**EXERCISE:** Repeat the data below in full. Pictures must not be part of the copy.

**** GIVEN INFORMATION ****

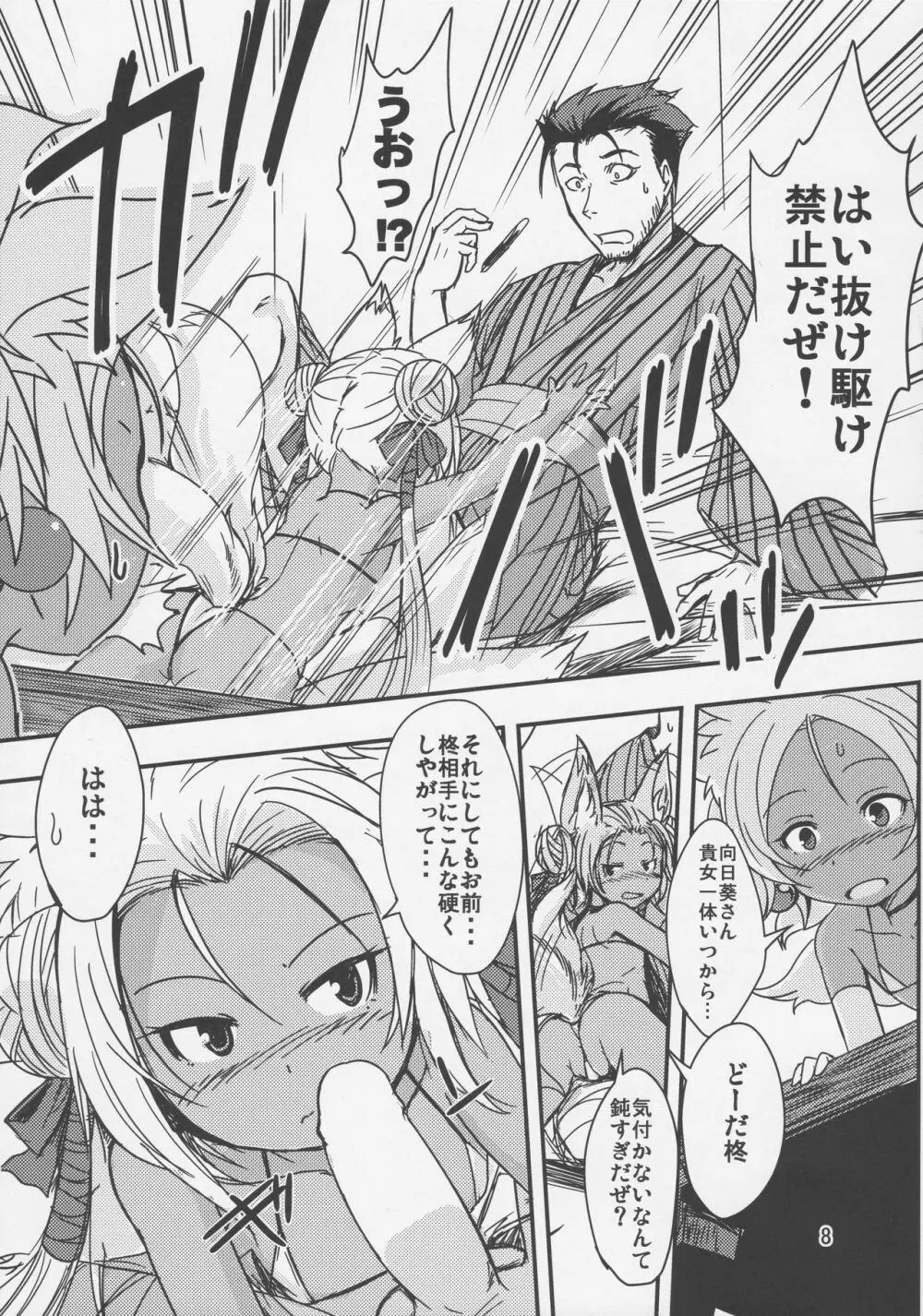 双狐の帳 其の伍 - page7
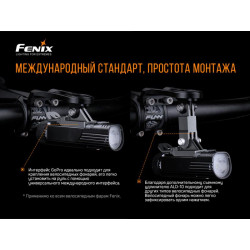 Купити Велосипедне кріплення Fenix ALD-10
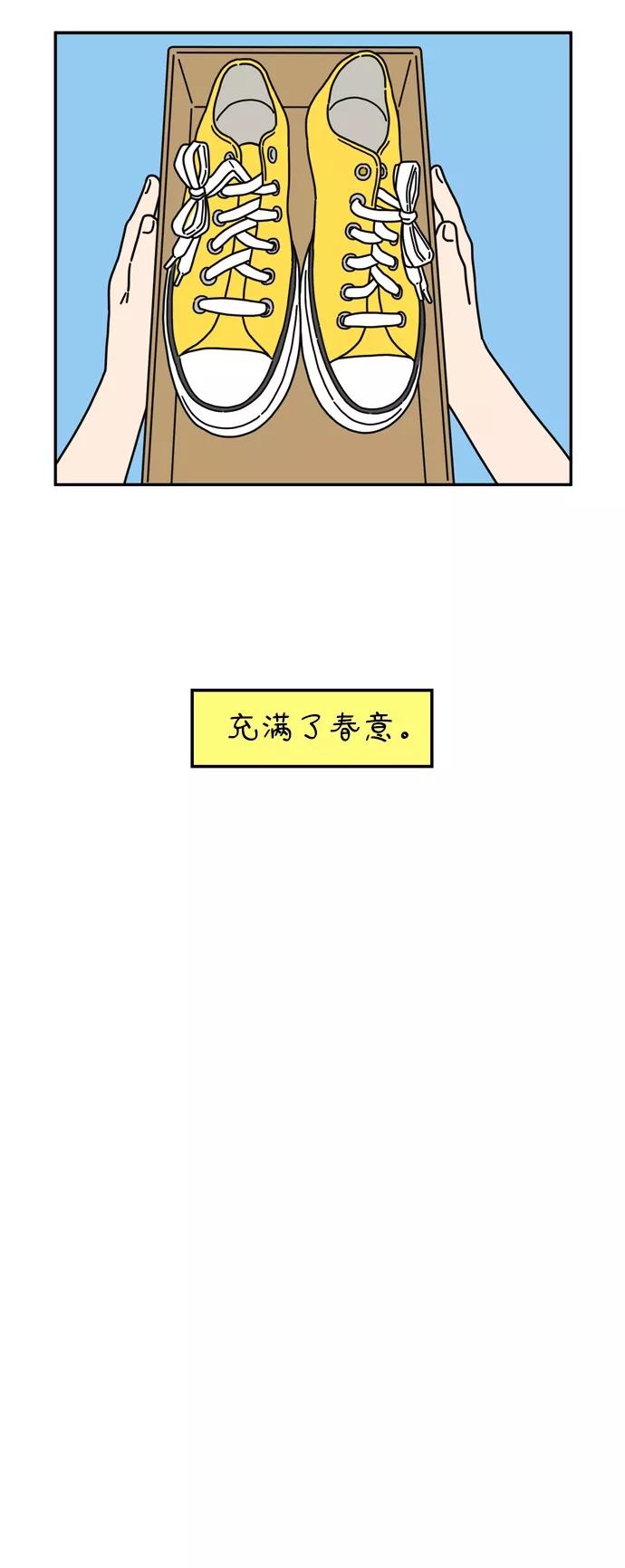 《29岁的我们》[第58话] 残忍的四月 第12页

****

**SOLUTION TO THE EXERCISE:**
 双狐の帳 其の伍 - page7
 Купити Велосипедне кріплення Fenix ALD-10
 《29岁的我们》[第58话] 残忍的四月 第12页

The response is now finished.